Die Theatergruppe "dieheroldfliri.at" zeigt derzeit ihr neues Stück "Das Rote vom Ei" (Foto: Mark Mosman)
Peter Füssl · 04. Mär 2018 · Musik

Emotional aufgeladene Coolness - Schmieds Puls begeisterten am Dornbirner Spielboden

Mira Lu Kovacs, im Burgenland geboren, in Niederösterreich aufgewachsen und im Jazzlokal "Porgy & Bess" und in der Jazzwerkstatt Wien musikalisch sozialisiert, hat gemeinsam mit Drummer Christian Grobauer und Bassist Walter Singer als Schmieds Puls bislang zwei Alben herausgebracht. Am Spielboden spielte das Trio sowohl Songs aus ihrem 2013 erschienenen Debüt "Play Dead" wie aus dem 2015-er Album "i care a little less about everything now", und bot mit einigen neuen Stücken auch schon einen kleinen Vorgeschmack auf das dritte Album der Band, das noch heuer herauskommen soll.

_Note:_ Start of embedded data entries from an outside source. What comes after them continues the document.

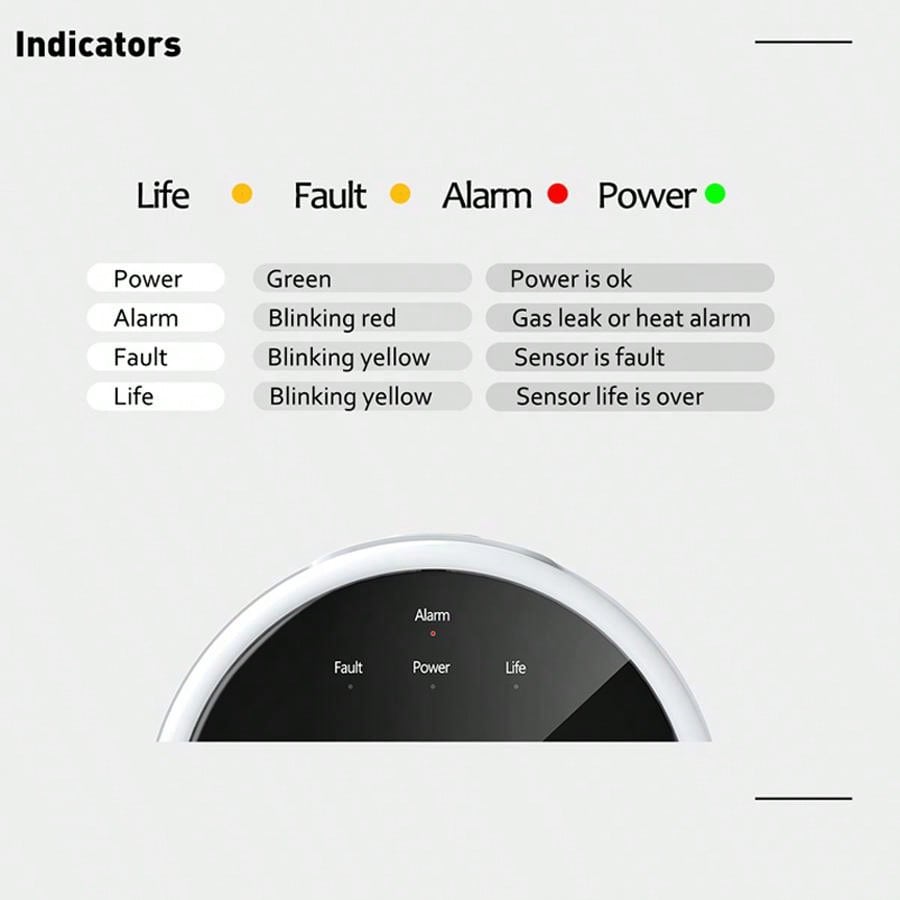 Capteur d'alarme de gaz WiFi 2 - Home Security And Monitoring avis et prix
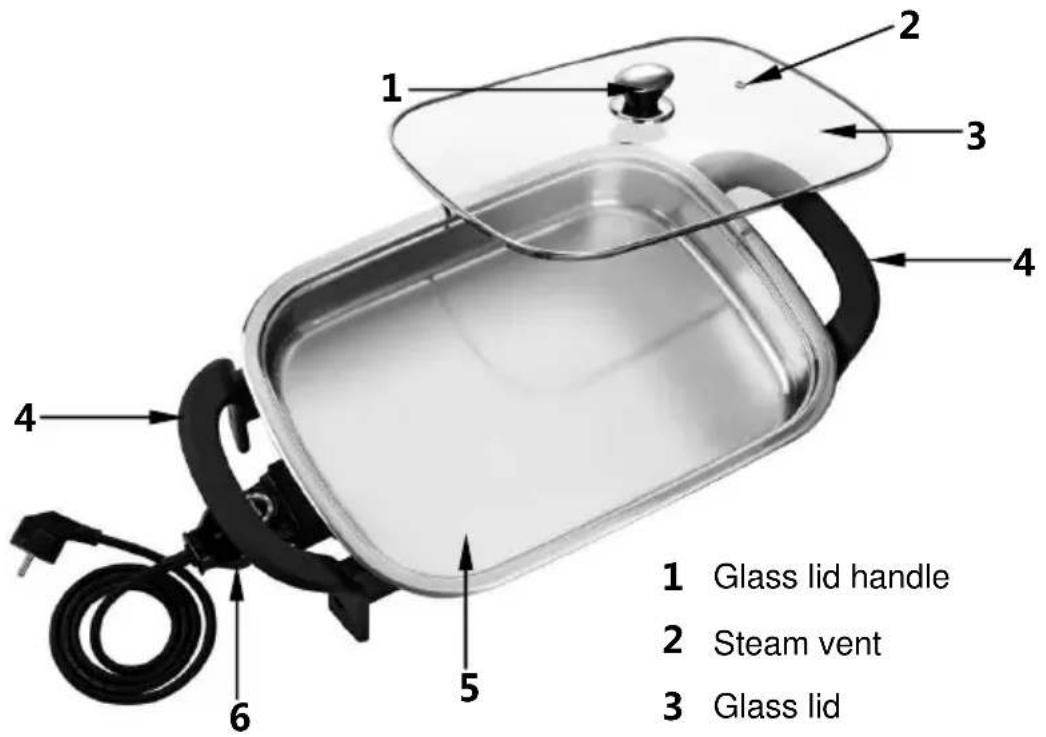1 Glass lid handle 2 Steam vent 3 Glass lid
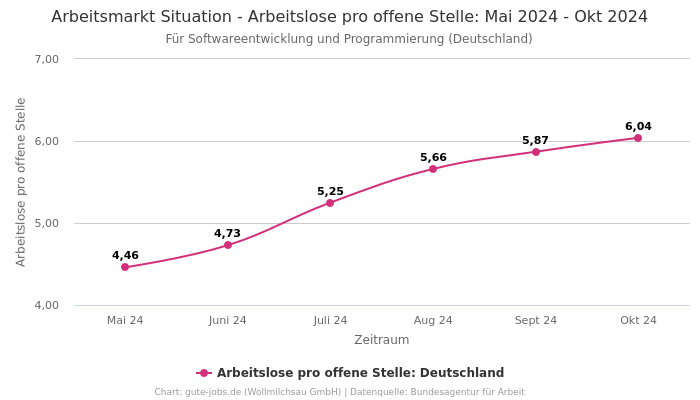 Arbeitsmarkt Situation - Arbeitslose pro offene Stelle: Mai 2024 - Okt 2024 | Für Softwareentwicklung und Programmierung | Bundesland Deutschland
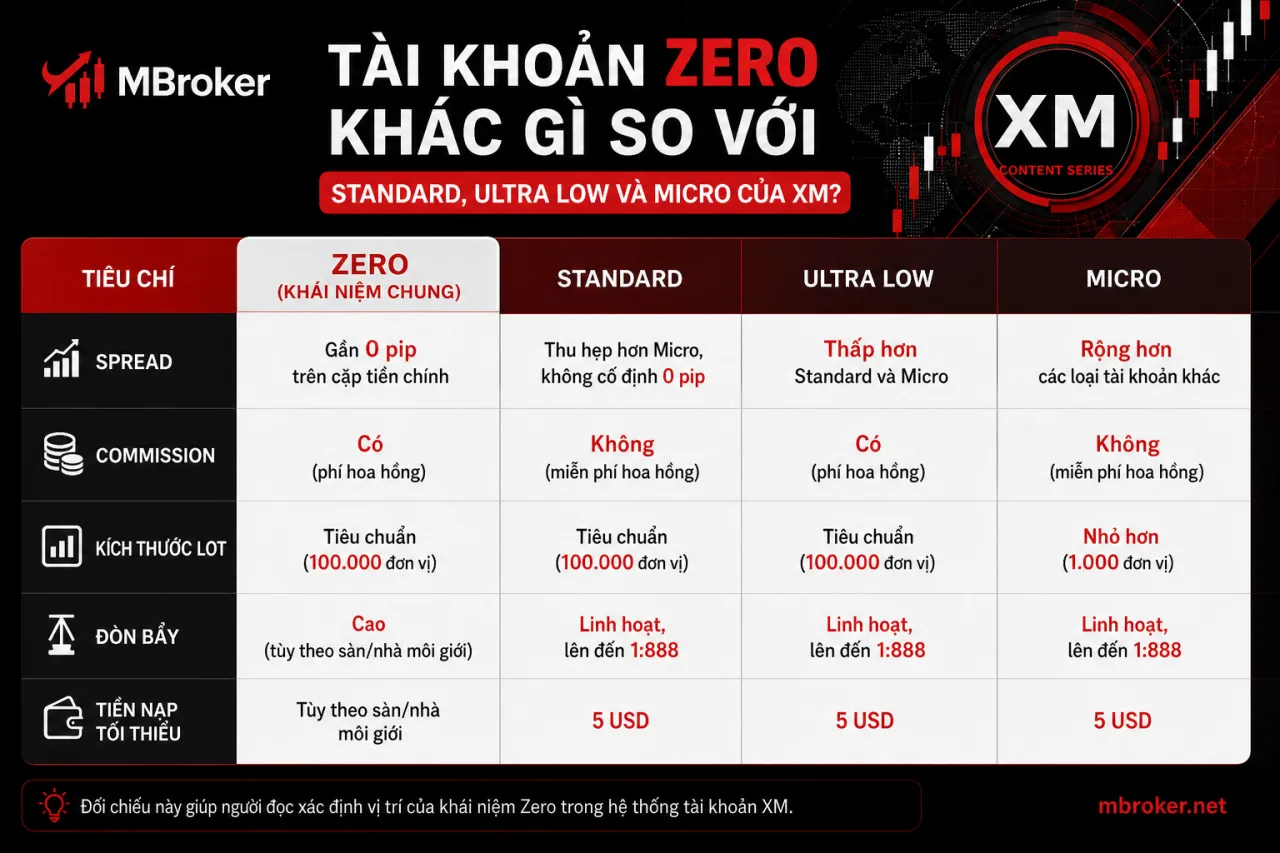 Tài khoản Zero khác gì so với Standard, Ultra Low và Micro của XM Tài khoản Zero khác gì so với Standard, Ultra Low và Micro của XM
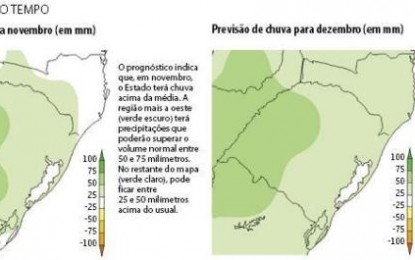 Maiores quebras na safra gaúcha não ocorreram em ano de La Niña, aponta pesquisa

„Dark Songwriting“ zwischen Prog-Folk, Jazz und Grunge

Als „Dark Songwriting“ stellte die Endzwanzigerin dem Spielboden-Publikum ihre Musik vor, die sich schwer in eine Schublade stecken lässt und dadurch umso mehr fasziniert. Zwar hat Kovacs bei Elfi Aichinger und Agnes Heginger – sicherlich exzellente Adressen zur Förderung selbstbewusster Querdenkerinnen  – zwei Jahre lang Jazz-Gesang studiert, aber qualitätsvoll aufgepepptes Songwriting à la Joni Mitchell liegt ihr hörbar näher – irgendwo im Spannungsfeld zwische Prog-Folk, Jazz und Grunge. Auch wenn sie mitunter zur E-Gitarre greift, versprüht das Oeuvre von Schmieds Puls über weite Strecken einen akustischen Charakter. Geprägt durch eine unkonventionell gestimmte oder schlicht verstimmte – wer will das schon so genau wissen? – Akustikgitarre, mit der Mira Lu Kovacs stets die passenden Stimmungen zu ihren Songs zaubert. Der seinen Kontrabass gefühlvoll zupfende oder streichende Singer und der manchmal handfest scheppernde, zumeist aber dezent rhythmisch untermalende Grobauer stellen Kovacs permanent ins Rampenlicht, was diese geschickt zu nutzen versteht. Wobei die Devise „Weniger ist mehr“ lautet , denn diese Musik schöpft ihre beachtliche Kraft aus den Mitteln der Einfachheit und der Reduktion.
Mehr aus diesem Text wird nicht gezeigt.